[Image-text web data]
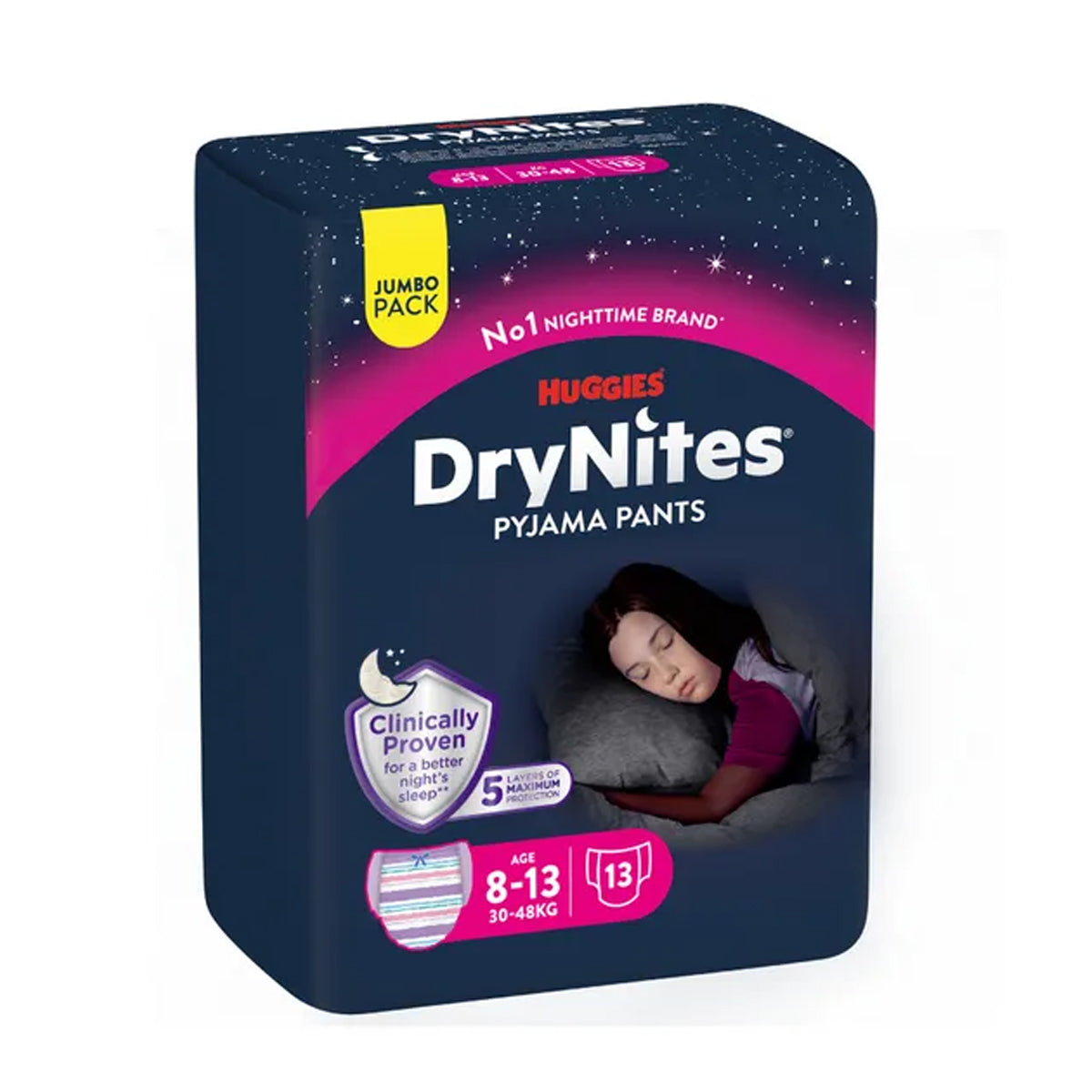 Huggies Drynites Pants Girls 8-13 Years 13 Diapers 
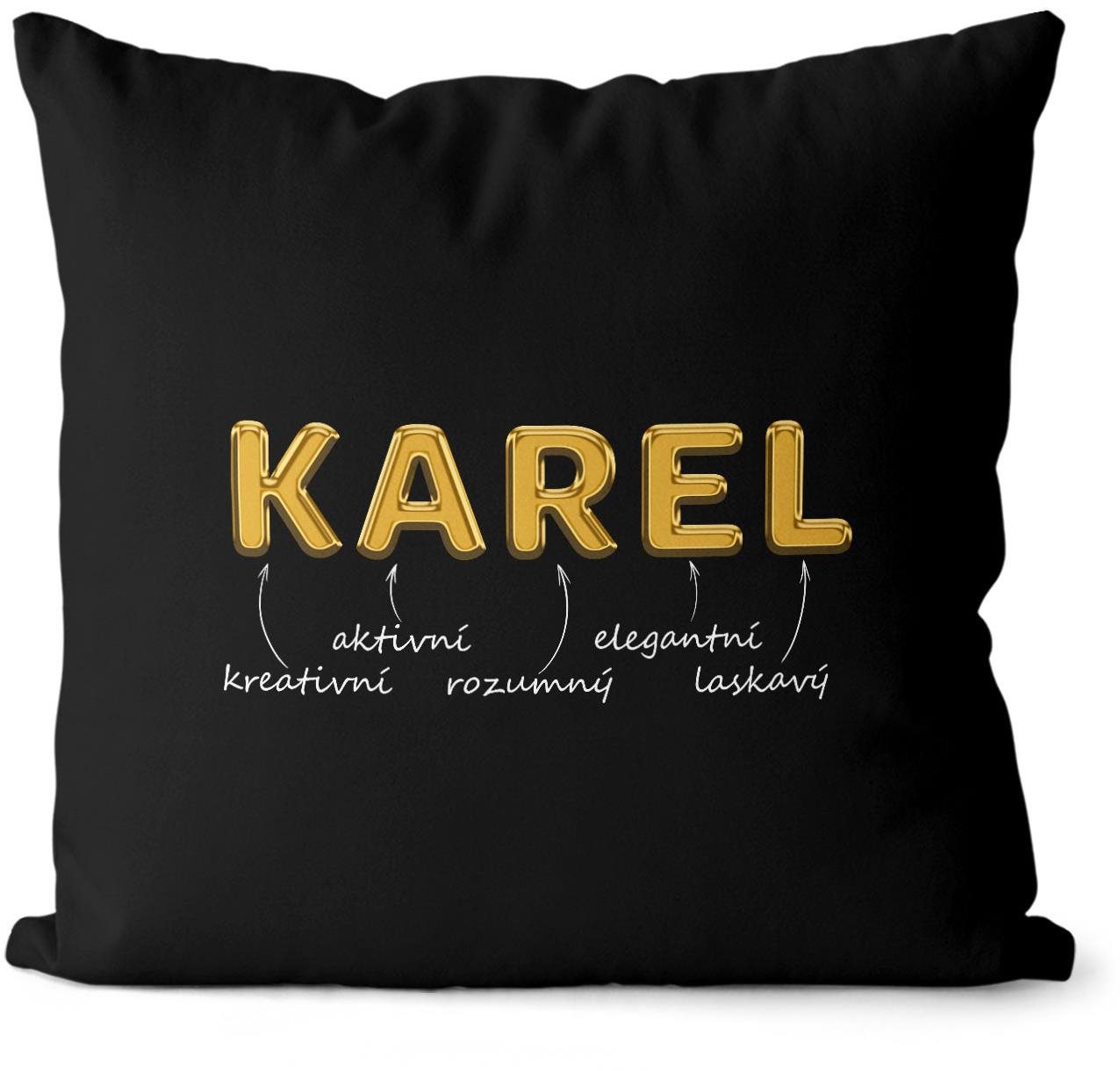 Impar polštář zlatý muž. jméno Karel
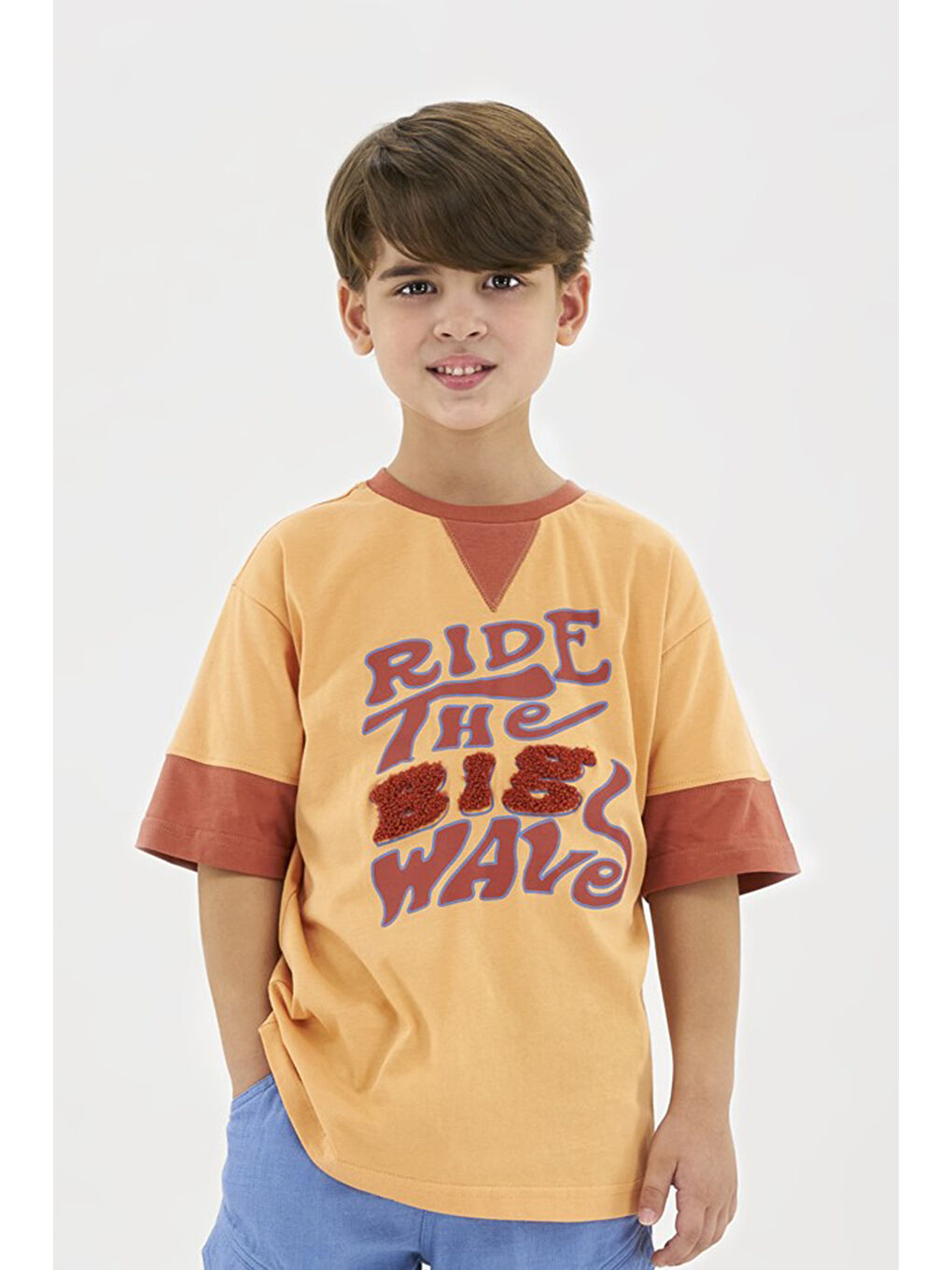 Pembe Erkek Çocuk Kısa Kollu Somon Tişört-1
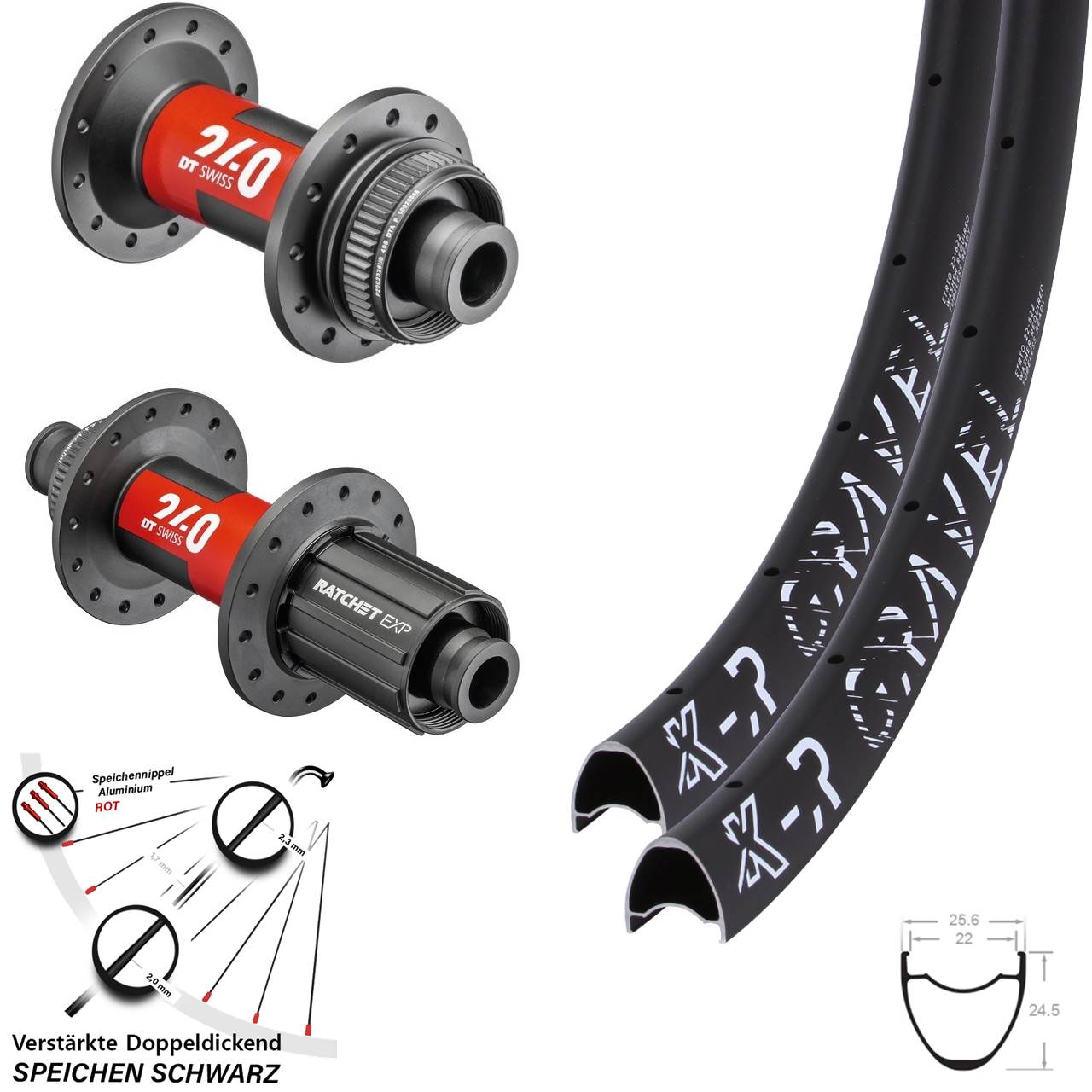 KX-R Gravel DT Swiss 240 EXP 29 Zoll Disc Laufrad-Satz 12x100/142 11-12 fach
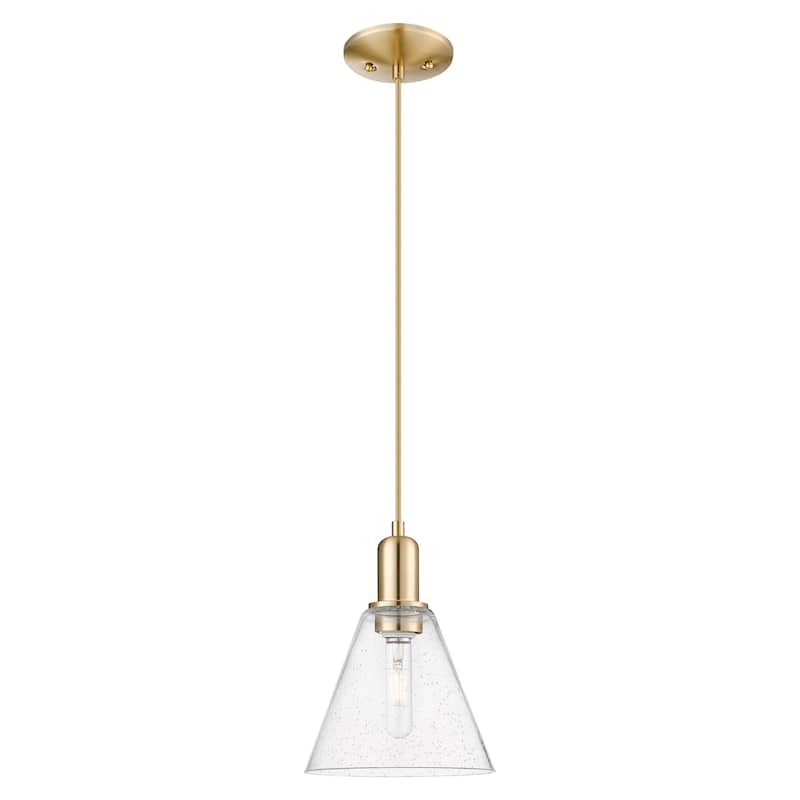 Innovations Lighting Endless Possibilities Arcadia - Berkshire Glass - 1 Light 8" Cord Hung Mini Pendant - Champagne Bronze/Seedy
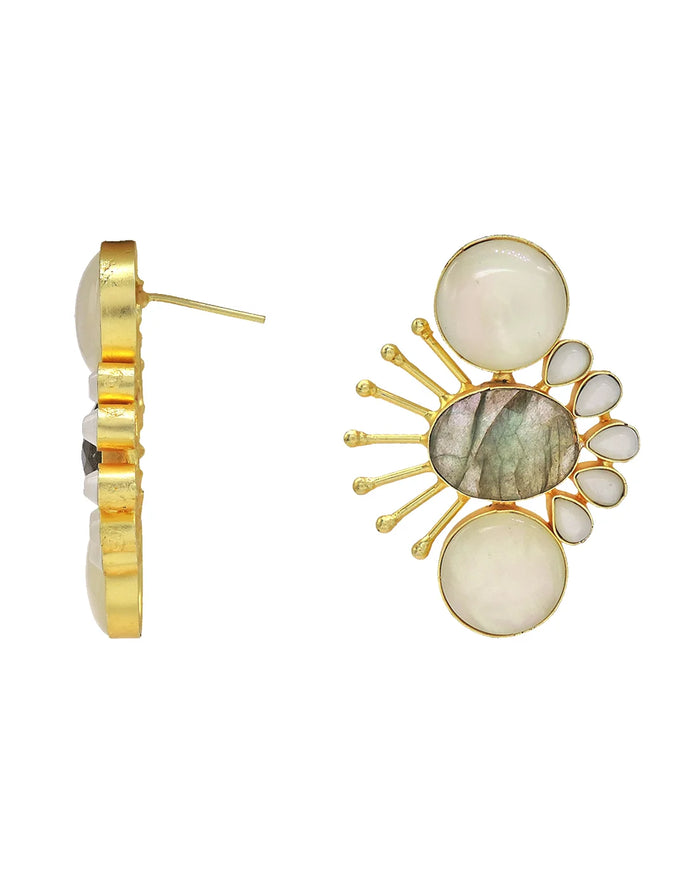 Labradorite & MOP Statement Earrings- Handcrafted Jewellery from Dori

Exercise details:
Repeat the records above word for word, keeping no pictures in the copy.

Reply to the exercise:
 Huggies Drynites Pants Girls 8-13 Years 13 Diapers 
 Impar polštář zlatý muž. jméno Karel
 Pembe Erkek Çocuk Kısa Kollu Somon Tişört-1
 KX-R Gravel DT Swiss 240 EXP 29 Zoll Disc Laufrad-Satz 12x100/142 11-12 fach
 Innovations Lighting Endless Possibilities Arcadia - Berkshire Glass - 1 Light 8" Cord Hung Mini Pendant - Champagne Bronze/Seedy
 Labradorite & MOP Statement Earrings- Handcrafted Jewellery from Dori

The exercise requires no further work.